• Your goal
Reproduce word for word the line holding "Mina Boatneck Fitted Top - Altar'd State" and all lines after it in the data, through the end, leaving out pictures.

• Exercise data
#####

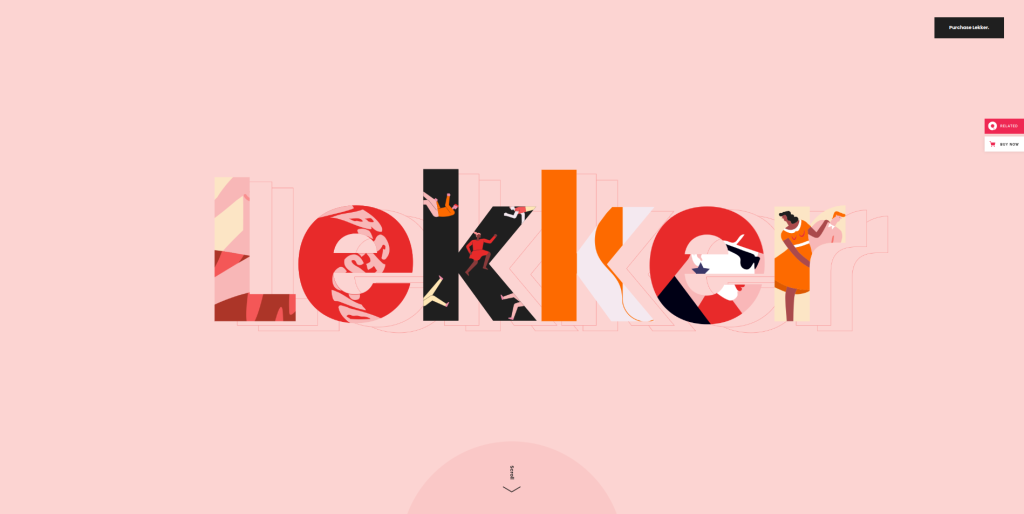 Lekker Graphic Design WordPress Themes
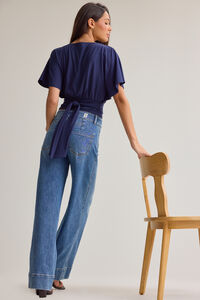 Mina Boatneck Fitted Top - Altar'd State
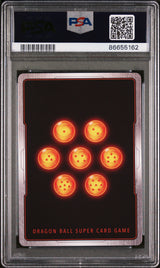 2022 DRAGON BALL SUPER MYTHIC BOOSTER SS4 BARDOCK, FTG/FATE #P-261 - PSA 10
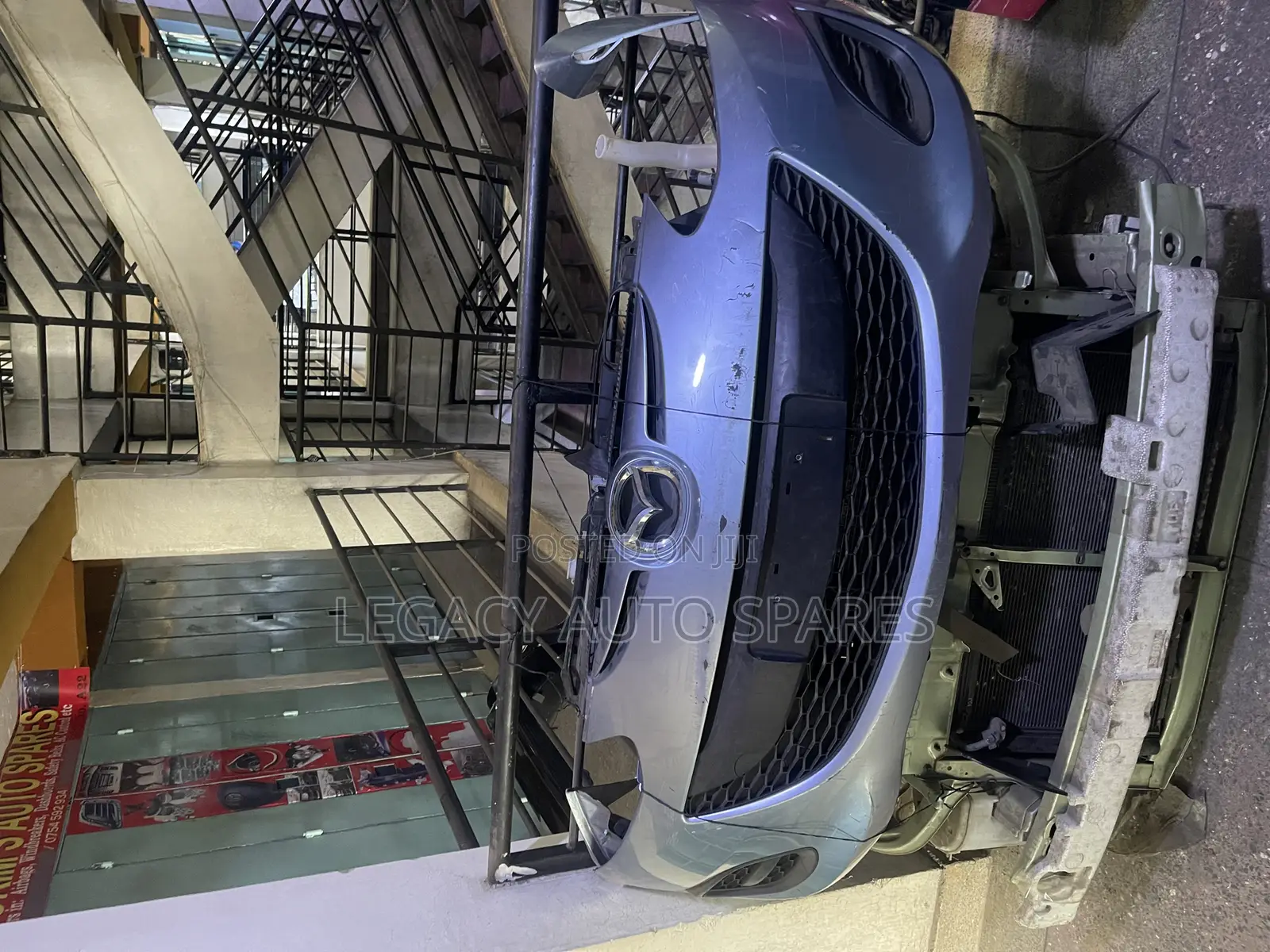Mazda Demio 2012 Nosecut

#####

• Problem solution
 Mina Boatneck Fitted Top - Altar'd State
 2022 DRAGON BALL SUPER MYTHIC BOOSTER SS4 BARDOCK, FTG/FATE #P-261 - PSA 10
Mazda Demio 2012 Nosecut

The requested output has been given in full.